- **Your goal**
Word for word, restate the data that follows, omitting the images.

- **Dataset section**
━━━━

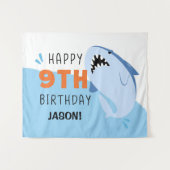 サメカスタム子供9歳誕生日背景 タペストリー (正面(横))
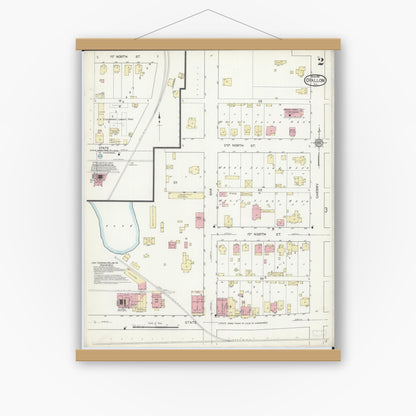 Old map wall art mockup — magnetic wood frame on white wall — Sanborn Fire Insurance Map from O'Fallon, Saint Clair County, Illinois (1914), Sheet #0002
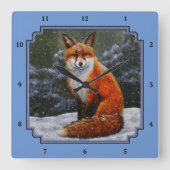 Niedlicher Rotfuchs im Winterschnee Quadratische Wanduhr (Vorderseite)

━━━━

- **Solution to this problem**
 サメカスタム子供9歳誕生日背景 タペストリー (正面(横))
 Old map wall art mockup — magnetic wood frame on white wall — Sanborn Fire Insurance Map from O'Fallon, Saint Clair County, Illinois (1914), Sheet #0002
 Niedlicher Rotfuchs im Winterschnee Quadratische Wanduhr (Vorderseite)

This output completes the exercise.